Saya mulai dengan kisah nyata. Seorang teman saya, kebetulan perempuan, sebut saja namanya Bunga. Bunga yang telah nelangsa.
Bunga tinggal di kawasan dengan budaya dan adat bicara apa adanya yang oleh sebagian masyakarakat disebut keras. Bunga yang menemukan sebuah masa dimana orang-orang menjadi begitu pemarah dan emosi.
Sosmed adalah media paling cepat untuk melihat bagaimana "marah dan emosi " tersebut. Kita temukan hampir setiap detik dan menit orang melampiaskan marah, emosi jiwa dengan suhu tinggi, salah satu contohnya adalah di grup WhatsApp yang saya ikuti, ujar Bunga.
Grup yang hingar bingar sejak masa kampanye, jelang Pilpres, seusai pilpres dan tentu saja masa demo yang sama-sama telah kita lihat bersama.

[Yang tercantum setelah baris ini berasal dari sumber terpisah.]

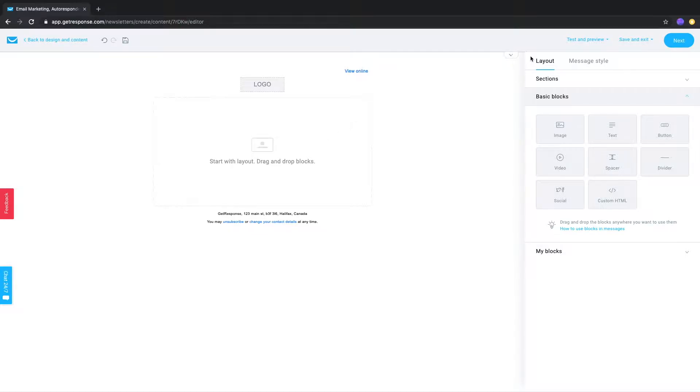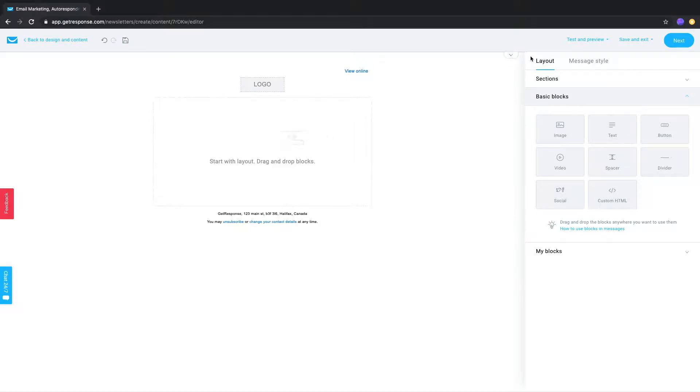The header will include a View Online link, as well as the option for a logo, though both those options can be disabled if you wish. The footer can be styled but not deleted entirely.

Bunga melihat betapa Pilpres telah membuatnya menahan hati melihat tingkah polah saudara sekampung asal yang dia ikuti grup WhartsApp tersebut. Kebetulan anggota grup itu mayoritas pendukung salah satu capres yang menolak hasil KPU.
"Semua orang marah-marah dan esmosi jiwa. Dari yang masih agak muda sampai yang sudah sepuh dan purna bakti..."
" Share link dan berita begitu gencar, entah benar entah sekadar hoaks tak diperdulikan lalu dikomentari dengan gegabah dan seenaknya..."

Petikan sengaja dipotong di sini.